Intervention by H.E. Ambassador Katalin Annamária Bogyay Permanent Representative at the Open Debate of the Security Council on “Post-conflict Peacebuilding: Review of the Peacebuilding Architecture” on 23 February 2016.
Your Excellency, Mr. President,
Honorable members of the Security Council, Dear Colleagues,
I wish to thank Venezuela for convening this timely open debate which offers us the opportunity to contribute to the undergoing peacebuilding architecture review process facilitated by Angola and Australia.
While fully supporting the statement delivered by the European Union, please allow me to add a few observations in my national capacity.
At the outset, Hungary supports all efforts which aim at making peacebuilding more effective and recognize the need to apply a holistic and integrated approach in order to be able to sustain peace.
As rightly pointed out by the Advisory Group of Experts and also recognized in the resolution currently being drafted, peacebuilding must be understood as an inherently political process that requires strengthening the synergy among the related efforts of conflict prevention, peacemaking, peacekeeping, recovery and development.
We believe that a much stronger emphasis should be given to conflict prevention through early engagement using all available tools for early warning and for political mediation in order to prevent the outbreak or escalation of conflicts.
As a simple pragmatic justification, we could argue that while responding to violent conflicts is very expensive, preventing lapse and relapse into conflict requires relatively little resources. Moreover, it allows us to save hundreds of thousands of human lives.
For these reasons, Hungary particularly welcomes the call for strengthening the role of global-regional partnerships in peacebuilding with a special focus on prevention and mediation. We believe there is a need to further strengthen the formal and informal mechanisms of engagement at the strategic level, including, if possible, through the adoption by the Security Council of a clearer methodology for consultation with its counterparts at the regional and sub-regional levels.
While we recognize the central role of the UN in sustaining peace, there are numerous other stakeholders – public and private, domestic, regional and international – who share this responsibility and play an active and important role in this field. We are of the view that the great potential of effective partnership between the UN and the international financial institutions should be fully utilized. In addition, we consider the engagement of civil society, local communities, religious leaders, women and youth groups also essential in assisting the realization of sustained peace.
The Hungarian Government is of the view that in order to be successful in preventing conflicts or rebuilding conflict-torn countries we must tackle the root causes.
Hungary as Co-Chair of the Open Working Group on Sustainable Development Goals, worked with Member States to ensure that Goal 16 explicitly recognizes the linkage among peace, inclusion, sustainable development, justice and accountability. We – Member States – all agreed that the rule of law, equal access to justice, effective, accountable and transparent institutions as well as responsive, inclusive, participatory and representative decision-making at all levels are equally necessary for establishing peaceful and inclusive societies.

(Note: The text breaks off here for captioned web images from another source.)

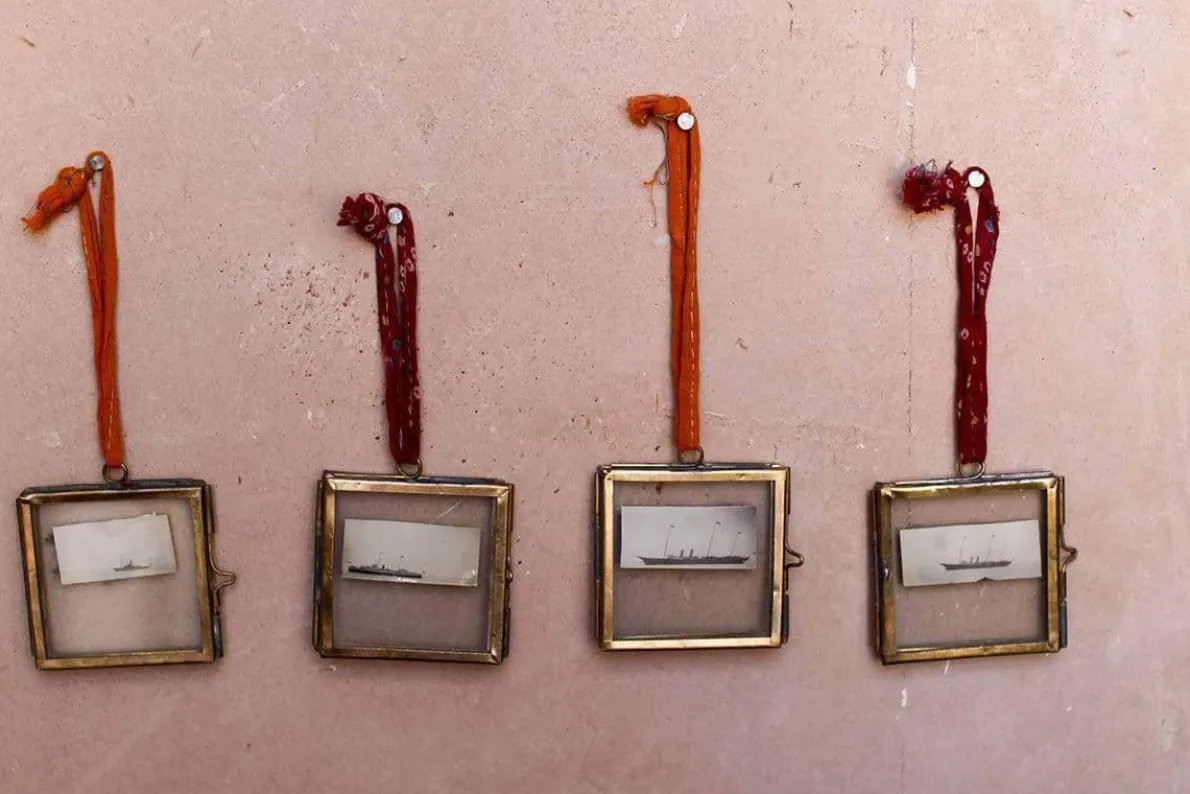 Tiny Kiko Frame Antique Brass (Set of 4)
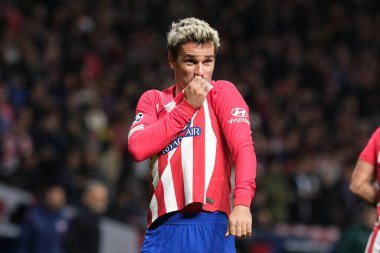 Madrid UEFA Şampiyonlar Ligi sırasında Atletico de Madrid 'den Antoine Griezmann ve 13 Aralık 2023 tarihinde Madrid, İspanya' da SS Lazio Mertropolitano Stadyumu. 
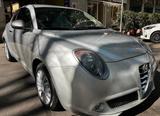Alfa Romeo MiTo 1.4 78 CV 8V S&S Distinctive - silberne Alfa Romeo MiTo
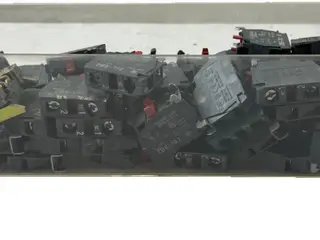 Schneider Electric ZBE102 Harmony XB4/XB5 Contact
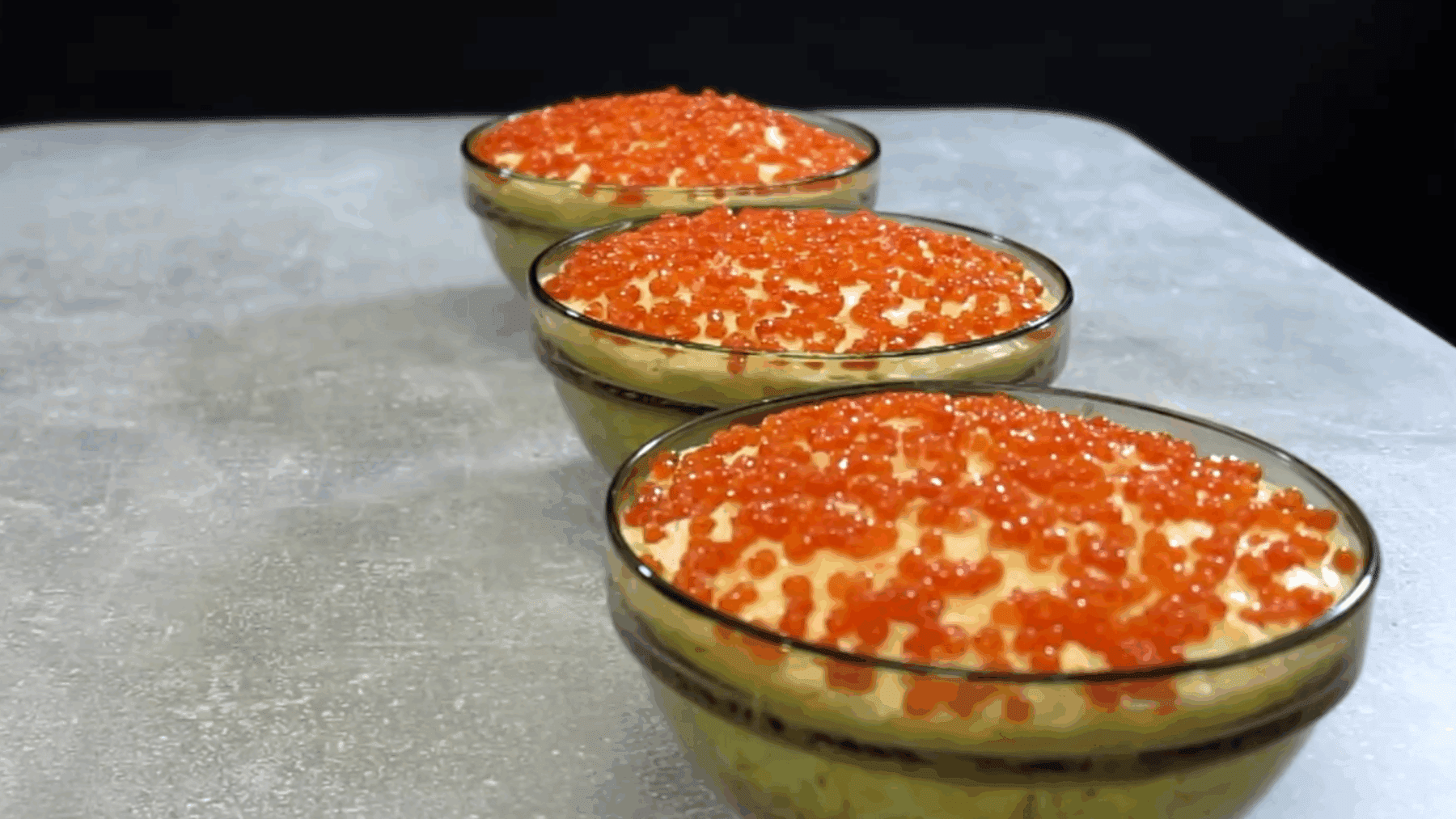 Кулінари поділились оригінальним рецептом салату на свято Кулінари поділились оригінальним рецептом салату на свято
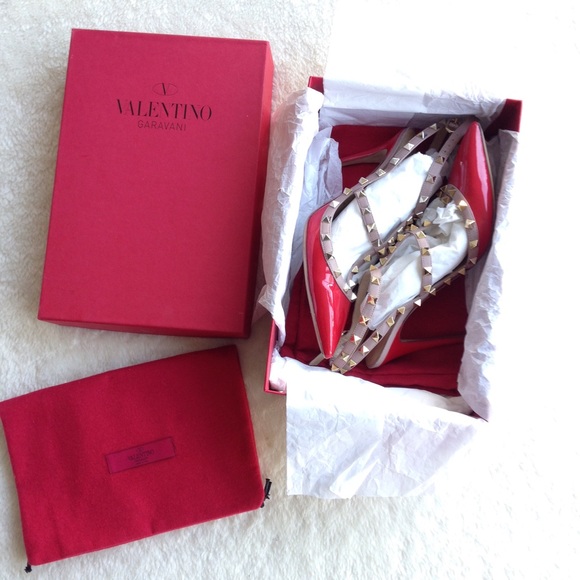 AUTHENTIC Valentino Red Rockstuds - Picture 2 of 4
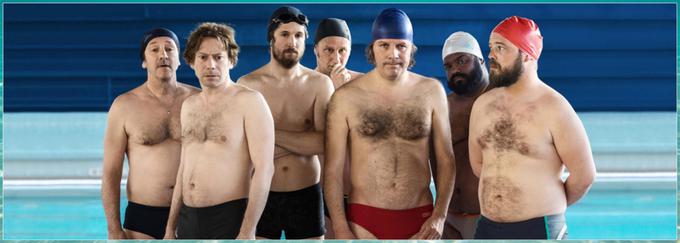 Francoska komedija o skupini štiridesetletnikov, ki se v krizi srednjih let in iskanju smisla življenja odločijo ustanoviti prvi klub sinhronega plavanja za moške. Čeprav naletijo na posmeh, se z vaditeljico in nekdanjo prvakinjo spustijo v neverjetno pustolovščino.

 | Foto: 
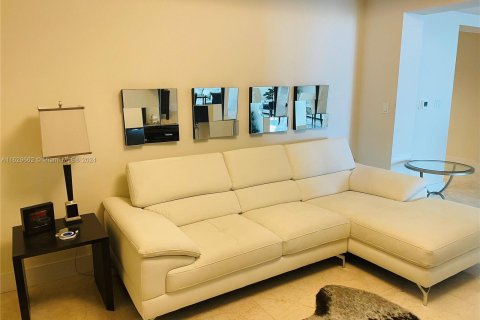 Condo in Aventura, Florida, 3 bedrooms  № 1290698 - photo 9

The importance of women’s participation in peacebuilding cannot be overemphasized. Women are crucial partners in the transition from war to peace. They are key agents for promoting social cohesion, political legitimacy and economic recovery. This is especially relevant in places where peace had broken down and conflict has shifted focus away from cooperation towards division and hatred. We hope that the outcome of the review process will also adequately recognize this.
In this context, I would also like to stress that education in general– but of women, youth and marginalized groups in particular – also has an important role both in preventing conflicts and in post-conflict peace building. We believe that the only way to achieve and preserve peace within and also among societies is through dialogue, tolerance, and the respect of cultural diversity. We consider the realization of the right to education as the cornerstone of lasting peace, since ignorance, misunderstanding, the erosion of culture, and the loss of cultural identities are often the starting points for fanaticism and thus conflicts.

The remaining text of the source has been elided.